Муж и жена переглянулись. Громкий, со звонкими всплесками шепот мальчишек вдруг затих.

– Она была последний раз в том Париже восьмого февраля! – сказал Жан-Клод Лаби.

Восьмое февраля... Станция метро «Шаронн»... Многотысячная демонстрация к площади Бастилии – демонстрация протеста против разбойничьих действий французских фашистов. Полицейские отряды заблокировали демонстрантам путь, а народный прилив нарастал. Началась давка. Полицейские стали сбрасывать людей с лестниц метро вниз. Били и топтали всех подряд – мужчин, женщин, стариков, подростков. Восемь человек были убиты. Многие тяжело ранены.

– Женщины и девушки со Шмен де фийетт были там. Мы шли, взявшись за руки. Пели. Потом я помню, что меня долго били по голове. Потом я несколько недель лежала в больнице... – сказала Франсина.

– Пока девочка лежала, я сводил концы с концами в доме. Я делал все, что обычно делает она: стирал, мыл пол, готовил для детей! – с достоинством и какой-то неумелой нежностью сказал Жан-Клод. И стройная высокая Франсина вдруг показалась мне действительно девочкой.

– Муж все делал! – гордо подтвердила она. – Может быть, ему снова придется делать это. У меня до сих пор очень болит голова. Трудно поворачивать голову.

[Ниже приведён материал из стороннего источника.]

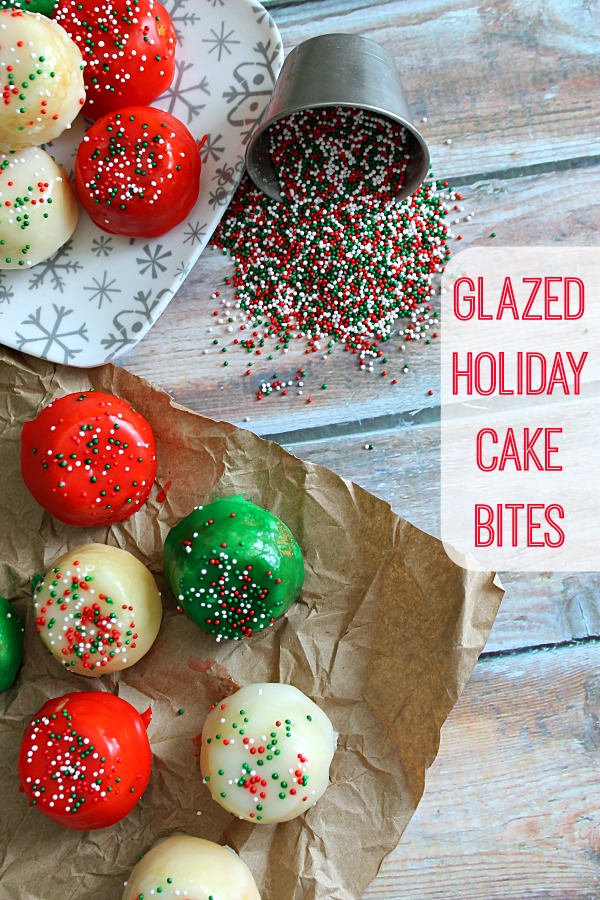 Glazed Holiday Cake Bites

Перед нами была героиня Шаронны. Я спросила:

– Франсин, почему вы не сказали раньше, что были там?

Глядя чуть-чуть в сторону, женщина буднично проговорила:

– Право, не знаю. Может быть, потому, что, хотя там было очень трудно, еще труднее... сводить каждый день концы с концами!

...Елисейские поля очень красивы поздно вечером. Здесь разрешены лишь белые огни реклам. Сияют огни кинотеатров, кафе, магазинов. И каждый раз кажется, будто вокруг ярко расцвели белые вишни.

Но в тот вечер нам представлялось другое: будто вся Шмен де фийетт, вся Дорожка девочек, израненная и избитая, глядит тихими темными глазами на Елисейские ноля и куда-то дальше, в сторону, поверх Елисейских полей.